A second implication of these findings concerns how performance of LLM judges is interpreted and compared across studies. Agreement with clinicians is not an intrinsic property of the judge alone but depends heavily on how evaluation labels are defined and distributed. Some of the reviewed studies rely on rubrics with imbalanced categories or vague boundaries between classes; under these conditions, high overall agreement can coexist with systematic blind spots, particularly for infrequent or context-dependent failure modes [33,34]. This creates uncertainty about whether reported performance reflects true safety or merely success on common, low-risk cases, and highlights the need for evaluation designs that explicitly test high-severity and edge-case scenarios. From a clinical perspective, this limits the evidentiary value of aggregate agreement metrics and underscores the need to assess where LLM judges fail, not only where they succeed, before they are used to inform deployment decisions.

5.2. Ethical Considerations

The use of LLMs as judges in clinical AI evaluation raises foundational ethical concerns about authority and accountability.
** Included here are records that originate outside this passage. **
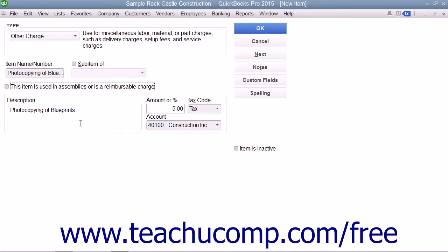After you have created the other charge item, click the OK button to save the item into your item list.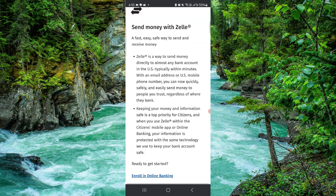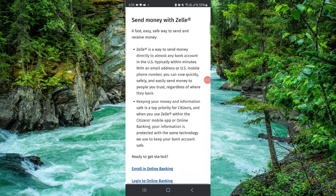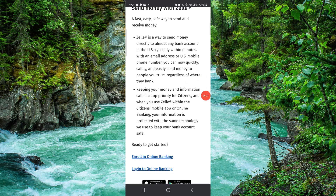Here you can see — you can just go to the Zelle section here, and then you can enter the amount and set the recipient to Citizen Bank. When you send the money it will automatically go there.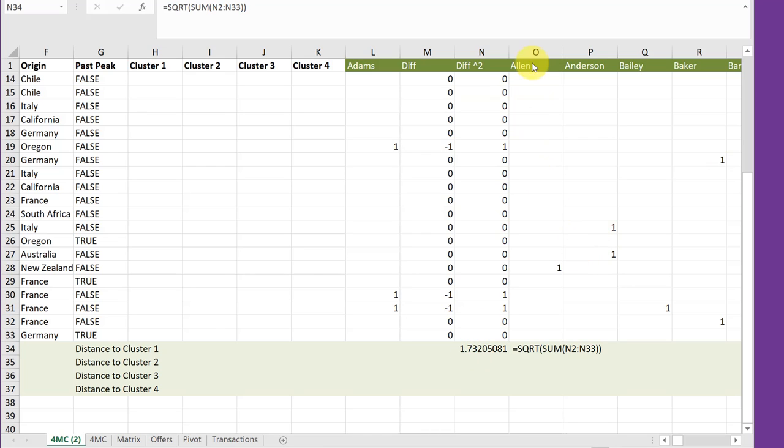Now we could add more columns and find the distance to cluster two, three, and four using the same process. But there's a shorter, quicker way using array functions.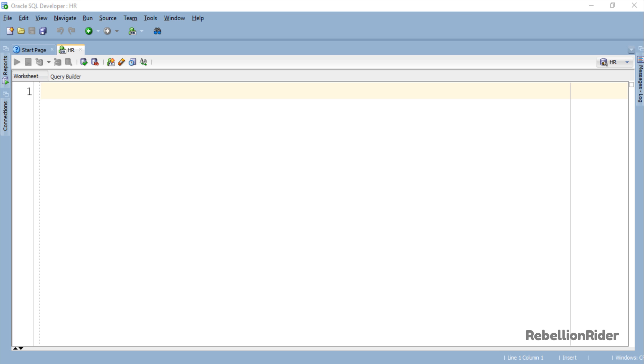We will do the same example which we did in the last tutorial but this time we will be using the SYS_REFCURSOR instead of weak REF Cursor. Let's do it then.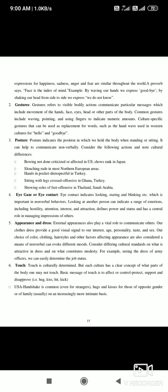Postures indicate the position in which we hold our body when standing or sitting, and can help to communicate non-verbally. For example, bowing is common in Japan to show rank. Slouching is considered rude in most northern areas. Hands in pockets is disrespectful in Turkey. Sitting with legs crossed is offensive in Ghana and Turkey.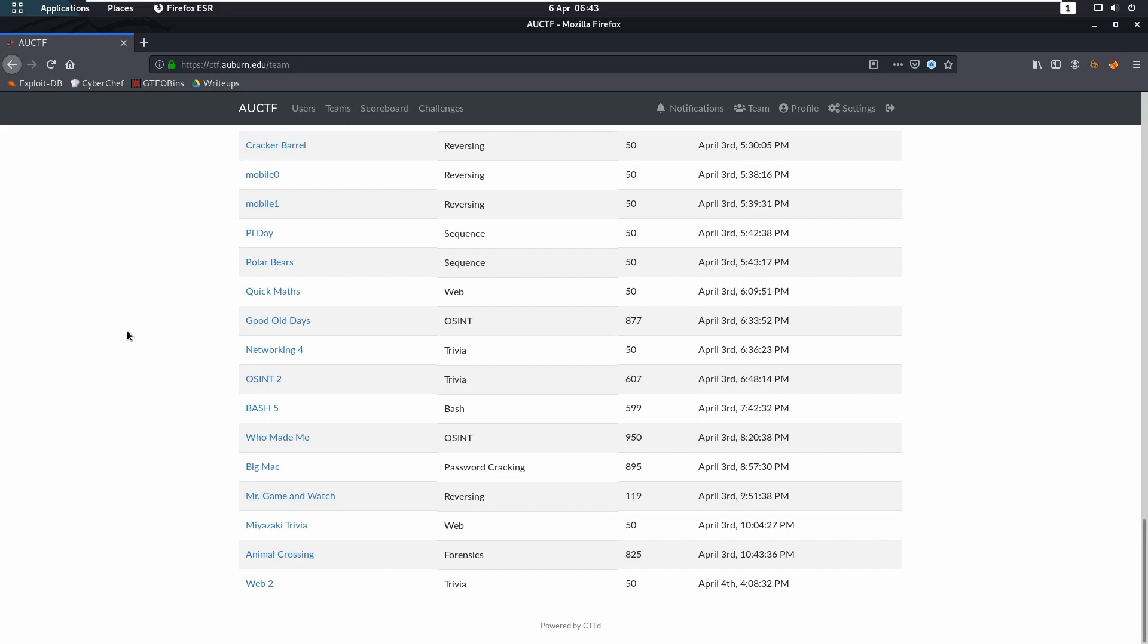Hello ladies and gentlemen, my name is Oxnall and we're back with another Roasting Challenge from the AU CTF. This time we are going to be tackling the Who Made Me Challenge. This one was again similar to good old days, worth 1000 points initially and only decayed down to 950.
Because evaluative judgments—whether about accuracy, safety, or communication quality—shape which models are deployed and how clinicians are assessed, LLM judges must be viewed not as neutral arbiters but as systems that inevitably reflect the biases, omissions, and structural inequities embedded in their training data [43]. This makes governance essential: LLM judges should be developed with transparent, auditable criteria; tested across diverse demographic, linguistic, and clinical settings; and validated against robust, multi-annotator human standards to prevent a single perspective from being encoded as “ground truth.” Without such safeguards, biased evaluations can entrench disparities, penalize clinicians serving marginalized populations, or systematically mischaracterize patient communication that differs from the distributions present in the training corpus [44]. To protect patients and clinicians, the outputs of LLM judges must remain advisory rather than authoritative, with mandated human oversight, external auditing for bias and drift, continuous post-deployment monitoring, and clear mechanisms for appeal or override. Ultimately, ethical deployment requires acknowledging that LLM judges must never displace human judgment, and that their use must be guided by conservative, patient-protective standards that recognize the profound risks of embedding biased automated evaluation into clinical care AI systems.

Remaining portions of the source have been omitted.